Problem statement:
Below are some records. Retype exactly the lines from the one containing "Finca la Pista en Palestina" through the one containing "Eulamprus heatwolei at", both included, skipping every picture.

Data to examine:
########################################

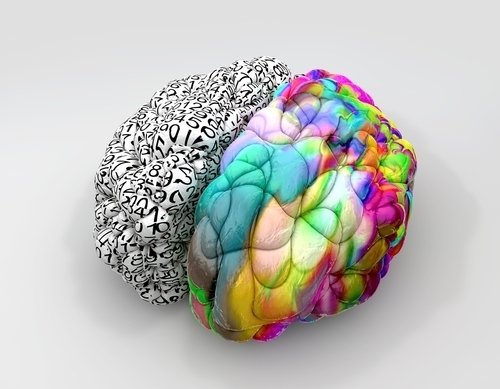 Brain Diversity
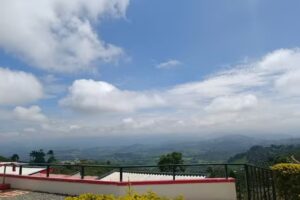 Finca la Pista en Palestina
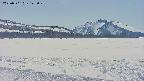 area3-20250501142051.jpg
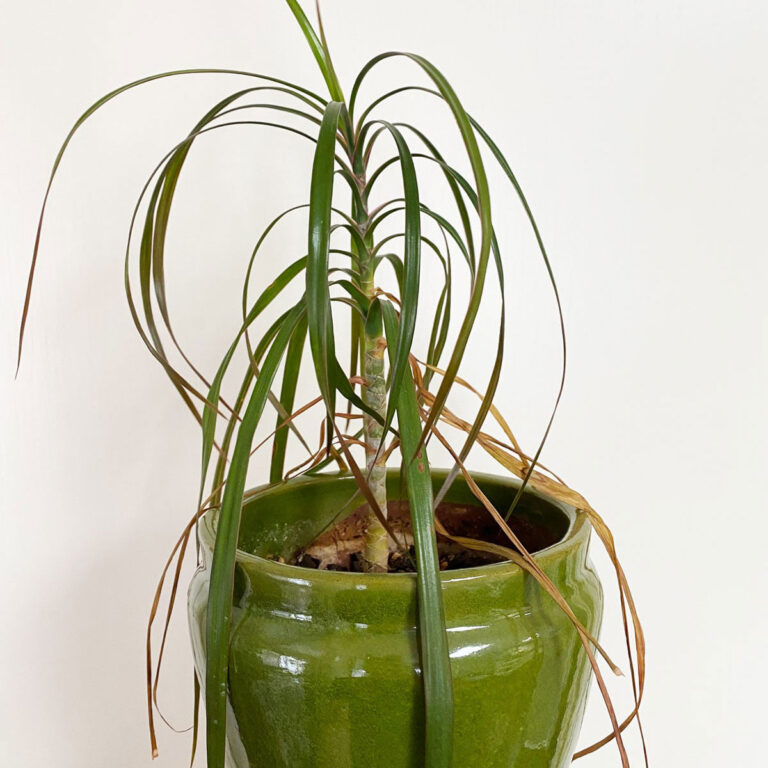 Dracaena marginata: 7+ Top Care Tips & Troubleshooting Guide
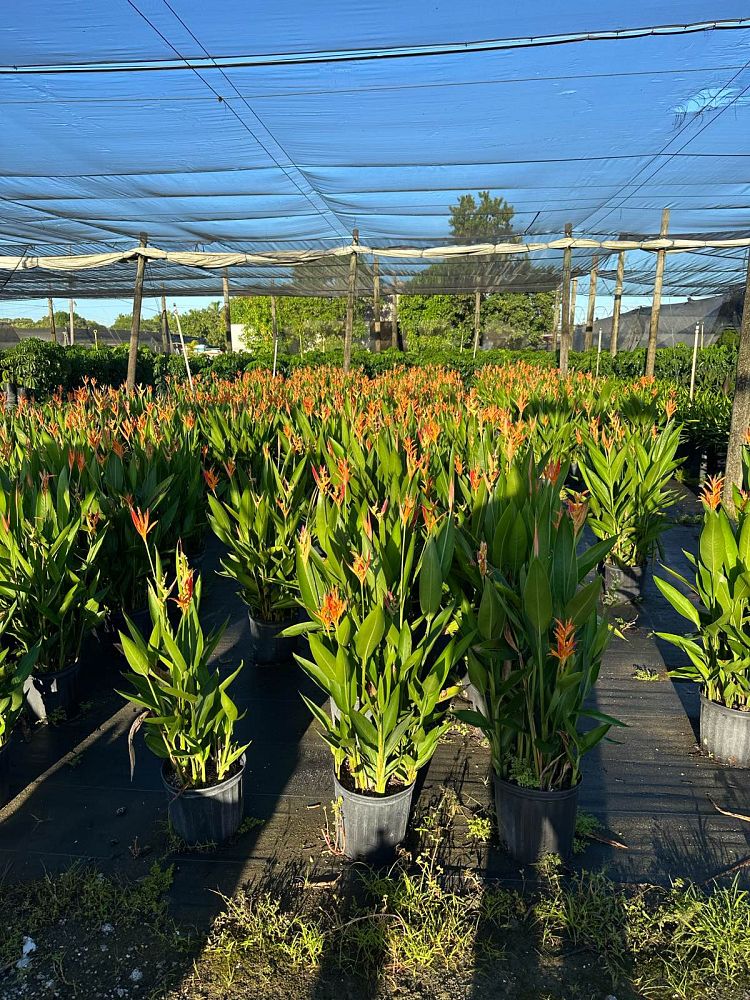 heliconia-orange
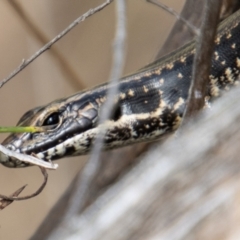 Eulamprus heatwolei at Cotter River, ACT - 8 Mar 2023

########################################

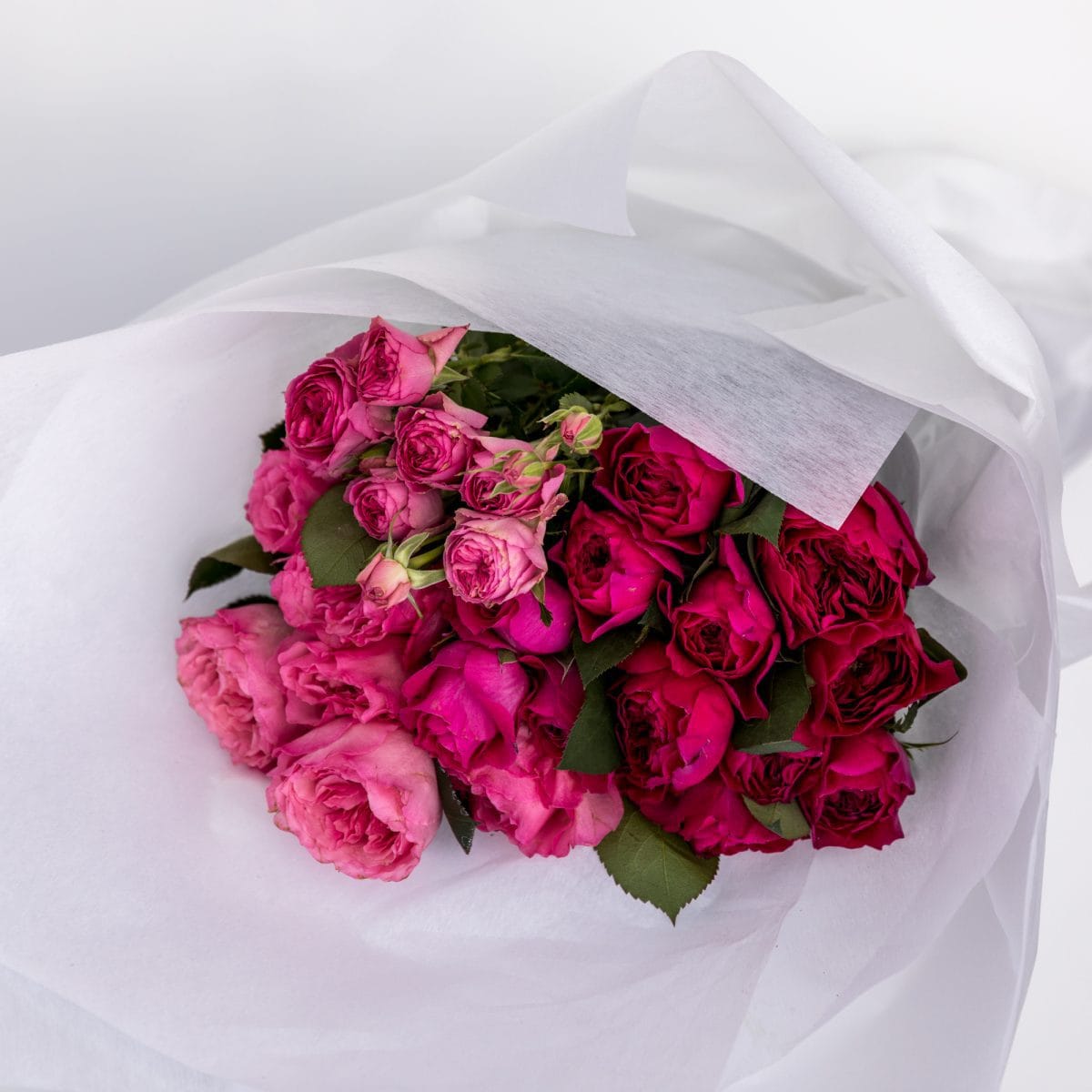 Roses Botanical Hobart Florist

########################################

Answer for the task:
 Finca la Pista en Palestina
 area3-20250501142051.jpg
 Dracaena marginata: 7+ Top Care Tips & Troubleshooting Guide
 heliconia-orange
 Eulamprus heatwolei at Cotter River, ACT - 8 Mar 2023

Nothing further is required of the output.